Più la guardavo, più entravo nei suoi occhi e nei suoi colori, più la trovavo bella, della stessa bellezza che aveva visto anche Diego.

La quotidianità di Frida

È stata ricostruita la sua camera, con il suo letto a baldacchino con lo specchio sul soffitto, dove Frida è stata costretta a diventare quella che artista.

Ci sono gli abiti variopinti e allegri della cultura messicana, quella che Frida ha voluto difendere e rappresentare nel suo periodo dove con la raffigurazione delle tradizioni popolari voleva affermare la propria identità messicana.

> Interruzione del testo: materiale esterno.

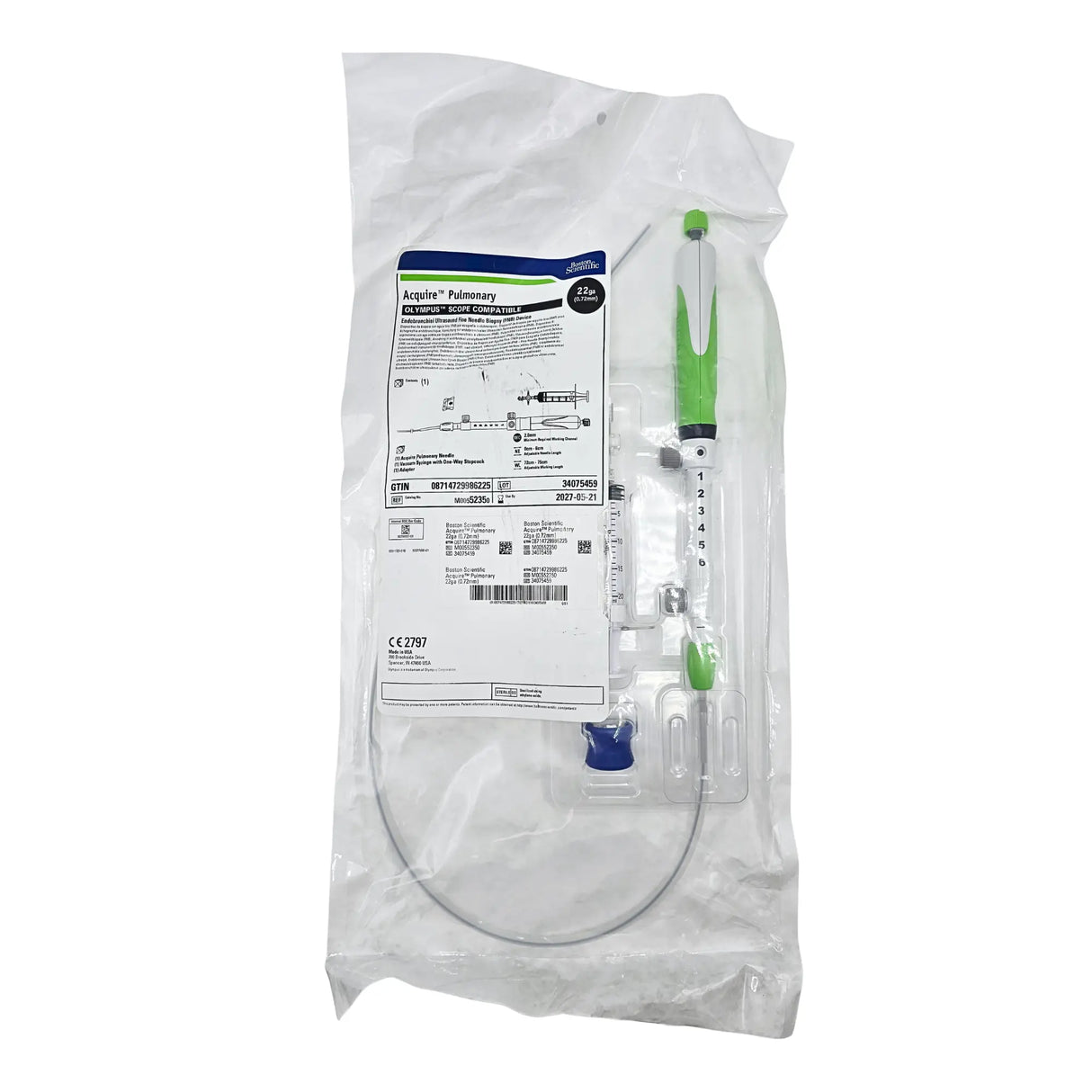 Boston Scientific M00552350 Acquire Pulmonary FNB Device - 22 Gauge, Olympus Compatible Boston Scientific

Visitare la mostra di Arte messicana

La mostra rimarrà allestita fino 26 marzo 2017 a Palazzo Albergati a Bologna.

Le info sulla collezione in mostra le trovi qui e nella stessa pagina trovi anche il pulsante per procere all’acquisto del biglietto di ingresso.

Oltre ad essere una mostra bellissima, ho appena letto che parte del ricavato, per volontà degli organizzatori e dei prestatori della collezione Gelman (di cui fanno parte le opere esposte) sarà devoluto a favore dei territori che hanno subito il terremoto.

La mostra di Frida Kahlo è un doppio viaggio: un viaggio nella rinata civiltà messicana e un viaggio profondo nell’animo della donna e dell’artista, di una vita martoriata, di una passione che le ha salvato la vita, di un amore che la vita gliel’ha distrutta e poi ridata. Un viaggio ai confini della vita e della morte, dell’anima e del corpo.

Un viaggio che mi ha appassionato talmente tanto che sono già alla ricerca del Diario di Frida Kahlo e che sto già sognando un itinerario da New York al Messico sulle orme di Frida fino a casa Azul dove lei riposa.

Frida, donna forte, coraggiosa, appassionante, appassionata, affascinante, regala suggestioni e vibrazioni che non ti puoi perdere: è inutile dirti che ti consiglio caldamente, molto caldamente la visita.